The standard benchmark for NFS file server performance, SPEC SFS (also known as LADDIS), measures performance in terms of both throughput -- the aggregate amount of data a file server can move across the network per unit of time -- and response time -- the time required to service an individual client request. NetBench, the most commonly used file server benchmark for the CIFS (or SMB) protocol measures only throughput. Network Appliance believes response time is as important a performance metric as throughput, especially in the highly interactive environment typical of CIFS networks, since throughput offers little solace to a user waiting to access a file.This paper documents the methodology and tools developed to measure response time during a NetBench run. While cumbersome and primitive, useful data has been produced, demonstrating that the fundamental idea is sound. SPEC SFS has had a noticeable effect on vendors of NFS file servers, motivating them to improve response time from an average of 50ms in 1993 to less than 10ms in 1997. Given the ability to measure response time in the CIFS environment, hopefully a similar improvement can be encouraged in CIFS file servers.
"Never underestimate the bandwidth of a station wagon full
of tapes hurtling down the highway." - Andrew Tanenbaum
Throughput is an important metric for file server performance, but for individual, interactive users, good response time is far more critical. The standard benchmark for NFS file servers, SPEC SFS (also known as LADDIS) [1,2], measures both. When Network Appliance introduced support for the CIFS (or SMB (note 1)) protocol [3], we wanted to measure both attributes of our file server's performance using this new protocol, but were disappointed to find that the file server portion of NetBench [4](note 2), only measures throughput.
The desire to have response time data led us to prototype a process which would permit measurement of response times during the course of a NetBench run. While the tools and methods are a crude hack, the project was successful enough to produce useful results [5], and the tools were further refined and used with a subsequent NetBench run on a larger, more interesting configuration [6].
Since NetApp does not have source code for NetBench, we could not enhance it with the time-stamping features of SPEC SFS. Even with the source, we might not have been able to do so -- SPEC SFS is a synthetic benchmark [7], which generates the desired sequence of NFS requests, but NetBench is an application-level benchmark, generating relatively high-level file system calls. Not only doesn't a single call necessarily have the one-to-one correspondence with an SMB (a single CIFS transaction), as would be needed to measure the response time of a single operation, it might not even be generating SMB calls at all if, for example, it were being used to evaluate a PC NFS product.
Instead of modifying the benchmark itself, we captured network traffic between the server and a typical client.

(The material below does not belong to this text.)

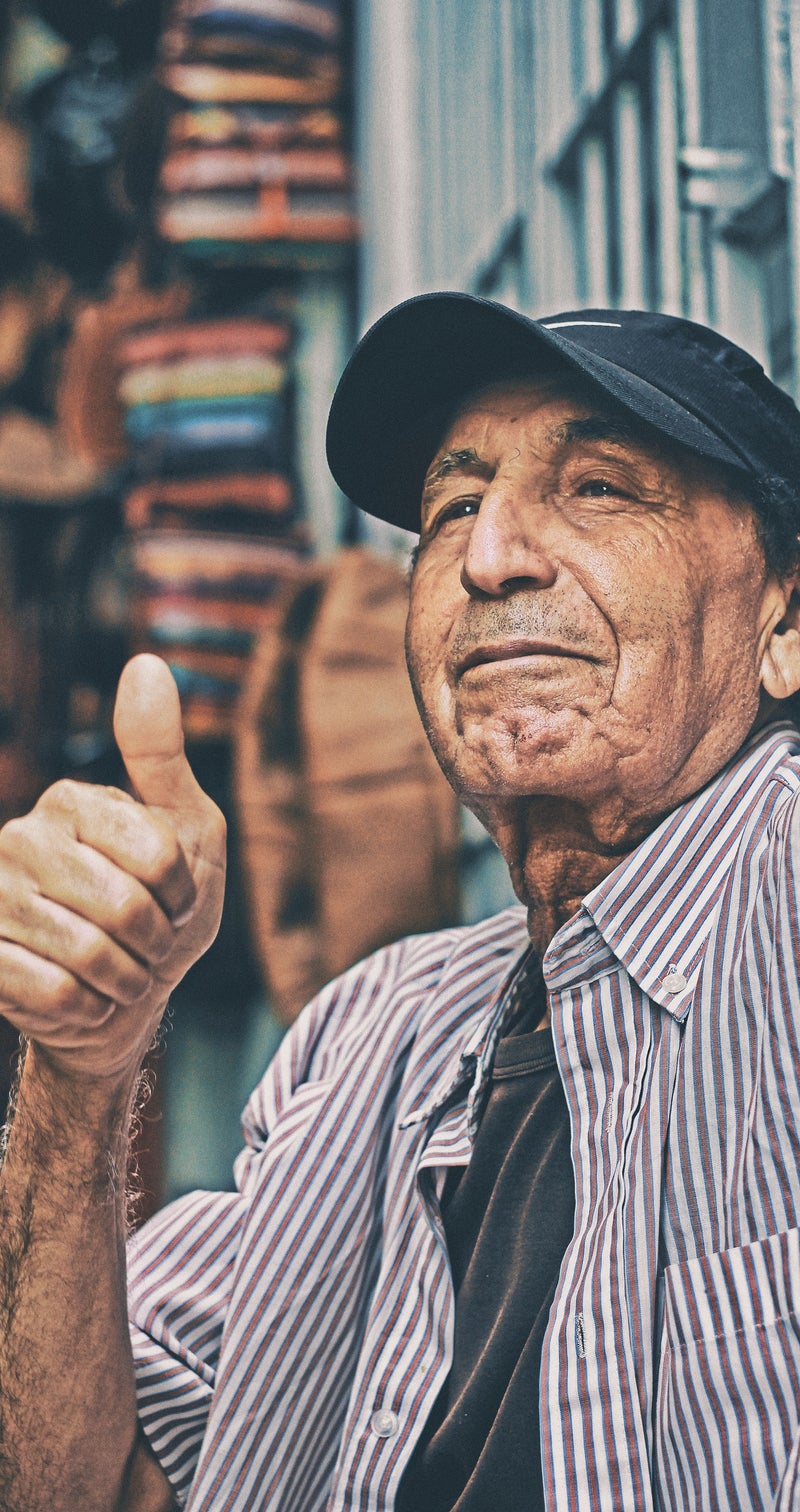 ZZP Finance | Oude man steekt duim op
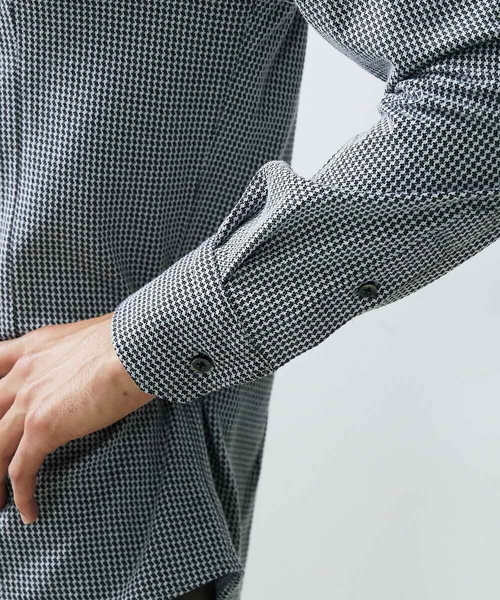 MICHEL KLEIN HOMME (ミッシェルクランオム)の「《日本製》千鳥柄イージーケアシャツ(シャツ/ブラウス・メンズ・ブラック/ベージュ/ブルー・MEDIUM/X-LARGE/LARGE)」の7枚目の写真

The resulting packet trace was subsequently analyzed off-line, matching client requests with the corresponding response packet(s) from the server and then computing the response time. The result does not reflect the time spent in the client's network protocol stack, unlike SPEC SFS, but the results can be meaningfully compared for two different CIFS file servers.
An additional benefit of this approach is that response time can be measured for any CIFS traffic, so other benchmark suites such as BAPCo's SYSmark for File Servers [8], could be substituted. (The response time tools might need to be enhanced to understand SMBs not encountered in the NetBench runs, but the hooks are in place to make this a relatively simple process.)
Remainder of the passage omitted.